(MATERIAL PROVIDED)

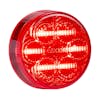 6 LED 2 Round Clearance Marker Light By Maxxima Red Front On
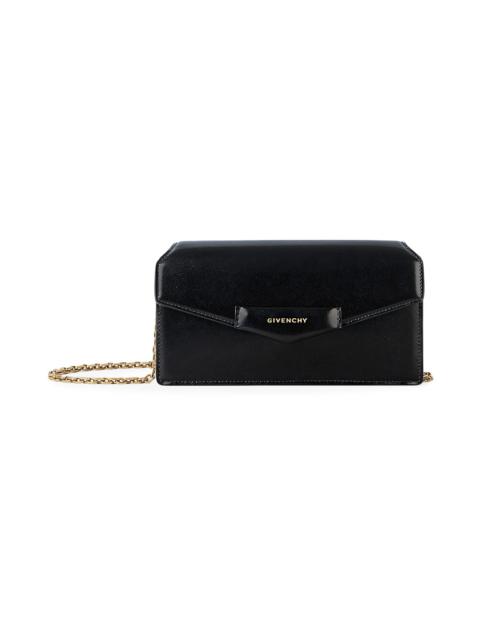 Givenchy Women's Antigona Wallet with Chain in Box Leather - Black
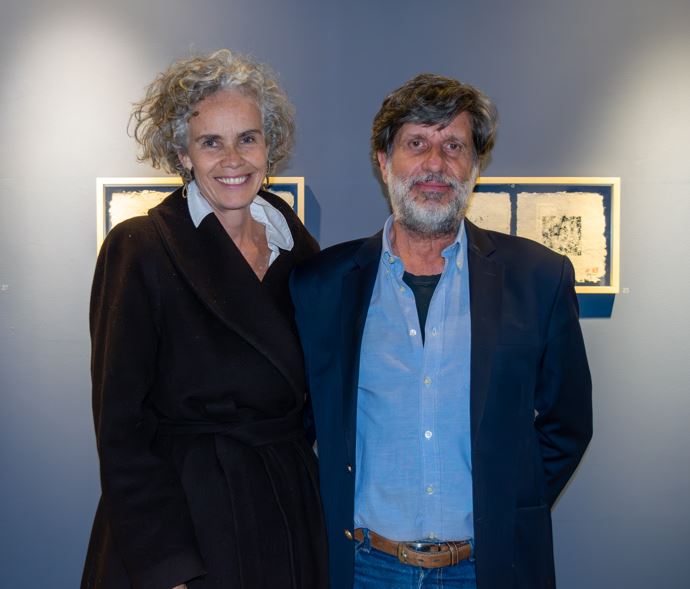  Ángela Jiménez presentó la exposición Azul Barichara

(End MATERIAL PROVIDED)

INSTRUCTIONS FOR THE TASK – Apart from the pictures, the whole listing should be reproduced exactly.

WRITTEN SOLUTION –
 6 LED 2 Round Clearance Marker Light By Maxxima Red Front On
 Givenchy Women's Antigona Wallet with Chain in Box Leather - Black
  Ángela Jiménez presentó la exposición Azul Barichara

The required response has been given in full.